I will then hand the word to Christian.
Thank you very much. I need the clicker as well. Thank you. We start with Page #7. And as for the previous quarters, we concentrate on spot market and spot market fixtures. We have actually had a couple of very short time charter voyages this quarter, also going into the fourth quarter, but based on the pricing and the term of the business, it’s calculated as spot.
We have had 7 spot loadings and 15 COA liftings in the third quarter this year. This one is not updated, so we will skip that one. And we have had 1 scheduled dry dock as Peder was mentioning. This was the 5-year period of dry dock and this is the 5th of the 6 ships which are planned for the period in dry dock this term. Our next dry dock program will start early 2020 when we are going to dock the Chinese-built ships. We have had 1 off-hire incident during the quarter and close to 11 days. Of the spot market loadings, we have had 8 liftings in the Middle East. We had 12 liftings in U.S. Gulf and we had 1 lifting in Australia and 1 lifting in West Coast America. The part of spot market fixtures in the U.S. Gulf is increasing. And that’s shown here by the number of loadings in the U.S. Still for us and for the part of the global fleet, most of the global fleet are discharging into the Far East. Of our loadings, we have had 17 discharges into the Far East. We have 1 ship discharging into Turkey and 3 ships discharging into Caribs and South America. No big change in the fleet or in number of employees.
If you look at Page #8, we’ve been calling 18 different countries during the quarter. And we have had 1,288 ship days during the quarter. The graph on this page is showing waiting time. And as some of you might recall, we had a terrible waiting in April and May with the more than 5 days per ship per month. This has come down dramatically. And since June, we have hardly had any waiting time at all. And this was also shown by the graph Peder was talking about.
Page #9 is showing the Middle East. Middle East, in number of tons, still the most important market. And if we look at the left hand graph, the three main exporters, Saudi, Emirates and Qatar, are pretty much on 3 years’ average. It’s worth mentioning that June was a bit down. However, it’s been recovered since June and back to normal again. If we look on the right hand side, this is also including Kuwait and Iran. And we can see that the graph is ending with a dip. And this is basically Iranian tons, also a bit down on Kuwait, which we can show, as seen more clearly, on Page #10. Left hand side is showing the different load countries and ports. We have split Saudi into two ports. This one Ras Tanura is in the Gulf and one is the Yanbu in the Red Sea.
Again, worth mentioning is Iran. The yellow or orange graph, it’s down. This is based on counting ships loading. And some people are claiming that Iran is still loading ships. And they say that these ships are turning off GPS. So they go in and load without making any trace and they turn on their computers again when they are out of Iranian waters. This is very difficult to get verified. And we can’t really see the tons anywhere. So in the more or less official statistics, Iran is falling, but it’s worth mentioning that it might still be – they might still be exporting tons we don’t see. On the right hand side, we compare number of liftings in the Middle East with the 2 previous years. And you can see that we are down from ‘16. In ‘16, we had crude cutbacks and LPG came down. However, this year is above last year and good news.
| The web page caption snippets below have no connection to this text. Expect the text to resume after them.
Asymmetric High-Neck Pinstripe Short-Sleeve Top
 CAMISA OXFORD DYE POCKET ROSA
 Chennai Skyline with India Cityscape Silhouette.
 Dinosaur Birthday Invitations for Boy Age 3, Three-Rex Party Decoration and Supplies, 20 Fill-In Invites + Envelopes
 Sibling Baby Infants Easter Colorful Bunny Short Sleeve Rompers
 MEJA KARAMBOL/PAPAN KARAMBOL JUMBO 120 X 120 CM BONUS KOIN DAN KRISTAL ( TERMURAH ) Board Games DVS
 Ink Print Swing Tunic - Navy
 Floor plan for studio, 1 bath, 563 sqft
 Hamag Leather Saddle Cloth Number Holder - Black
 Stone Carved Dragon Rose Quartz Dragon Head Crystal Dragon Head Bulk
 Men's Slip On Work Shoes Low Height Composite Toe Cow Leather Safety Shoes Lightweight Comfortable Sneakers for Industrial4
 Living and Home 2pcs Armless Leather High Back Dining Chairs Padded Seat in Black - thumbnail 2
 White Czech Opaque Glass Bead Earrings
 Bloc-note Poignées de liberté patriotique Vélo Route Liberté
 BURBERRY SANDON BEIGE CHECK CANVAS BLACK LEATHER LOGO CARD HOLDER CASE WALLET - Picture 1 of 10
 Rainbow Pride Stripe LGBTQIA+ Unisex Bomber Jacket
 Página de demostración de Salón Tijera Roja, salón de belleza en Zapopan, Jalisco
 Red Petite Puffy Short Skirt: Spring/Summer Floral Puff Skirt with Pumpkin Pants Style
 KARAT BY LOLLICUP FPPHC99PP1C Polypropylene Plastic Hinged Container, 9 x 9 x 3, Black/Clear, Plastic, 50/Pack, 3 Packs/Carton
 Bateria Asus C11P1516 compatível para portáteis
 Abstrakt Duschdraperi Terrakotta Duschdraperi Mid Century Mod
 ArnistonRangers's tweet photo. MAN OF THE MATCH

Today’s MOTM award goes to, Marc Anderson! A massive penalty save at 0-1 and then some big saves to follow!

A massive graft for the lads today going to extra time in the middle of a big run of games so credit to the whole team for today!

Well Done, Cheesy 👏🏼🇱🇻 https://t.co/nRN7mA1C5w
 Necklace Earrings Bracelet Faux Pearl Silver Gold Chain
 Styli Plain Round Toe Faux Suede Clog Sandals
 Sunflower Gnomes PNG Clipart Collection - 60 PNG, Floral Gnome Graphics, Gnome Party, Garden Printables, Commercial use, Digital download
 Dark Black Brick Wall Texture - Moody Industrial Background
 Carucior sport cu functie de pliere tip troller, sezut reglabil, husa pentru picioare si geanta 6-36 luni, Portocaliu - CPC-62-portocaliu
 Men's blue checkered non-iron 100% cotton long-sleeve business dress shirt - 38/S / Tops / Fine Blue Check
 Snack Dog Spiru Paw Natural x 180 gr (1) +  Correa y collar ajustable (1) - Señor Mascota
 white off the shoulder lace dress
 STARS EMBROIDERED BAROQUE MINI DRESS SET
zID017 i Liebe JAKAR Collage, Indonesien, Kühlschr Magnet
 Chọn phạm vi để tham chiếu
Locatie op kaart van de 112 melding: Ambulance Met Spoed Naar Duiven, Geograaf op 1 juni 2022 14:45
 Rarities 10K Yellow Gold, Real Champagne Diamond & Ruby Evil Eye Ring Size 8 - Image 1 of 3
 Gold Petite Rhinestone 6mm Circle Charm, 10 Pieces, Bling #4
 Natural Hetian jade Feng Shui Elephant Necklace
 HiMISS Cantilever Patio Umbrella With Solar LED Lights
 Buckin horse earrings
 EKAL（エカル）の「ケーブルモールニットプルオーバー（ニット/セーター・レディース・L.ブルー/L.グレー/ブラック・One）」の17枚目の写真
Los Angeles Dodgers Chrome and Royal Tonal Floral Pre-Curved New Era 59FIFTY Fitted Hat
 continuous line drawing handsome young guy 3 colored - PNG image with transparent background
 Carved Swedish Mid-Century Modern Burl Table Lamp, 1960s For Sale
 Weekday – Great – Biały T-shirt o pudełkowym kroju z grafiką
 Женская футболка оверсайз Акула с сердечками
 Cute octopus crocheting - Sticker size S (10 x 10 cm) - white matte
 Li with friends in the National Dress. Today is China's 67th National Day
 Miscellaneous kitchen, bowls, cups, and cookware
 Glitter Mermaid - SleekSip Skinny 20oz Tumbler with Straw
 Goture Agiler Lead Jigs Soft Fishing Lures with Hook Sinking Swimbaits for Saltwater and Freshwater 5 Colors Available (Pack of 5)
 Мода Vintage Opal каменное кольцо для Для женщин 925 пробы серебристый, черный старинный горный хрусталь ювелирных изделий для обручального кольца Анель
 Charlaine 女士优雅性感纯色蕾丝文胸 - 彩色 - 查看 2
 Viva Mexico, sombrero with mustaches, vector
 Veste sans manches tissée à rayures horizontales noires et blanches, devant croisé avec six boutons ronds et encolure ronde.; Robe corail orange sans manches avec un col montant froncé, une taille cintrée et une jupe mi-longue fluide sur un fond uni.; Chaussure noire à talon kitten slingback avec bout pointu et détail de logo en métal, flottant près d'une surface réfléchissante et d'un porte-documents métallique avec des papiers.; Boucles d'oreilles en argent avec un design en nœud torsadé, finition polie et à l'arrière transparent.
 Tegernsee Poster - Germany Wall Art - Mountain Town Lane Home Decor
If we turn to the next page, it’s a bit the similar picture. Here, on the left hand side, we compare liftings through 3 years’ spread and the 3 years’ average. And in the U.S., we are much above previous years. You can see on the graph here, there is a small dip in June. We had the same in the Middle East. So this has had a bit of impact on the freight market recently. However, when we compare the summer liftings in the U.S. this year compared to previous years, U.S. have been maintaining export during the summer. And that’s been supporting freight for late summer and for the autumn. On the right-hand side, we can see the graph from exports in the U.S. started in ‘13. And this is positive and we expect this to continue.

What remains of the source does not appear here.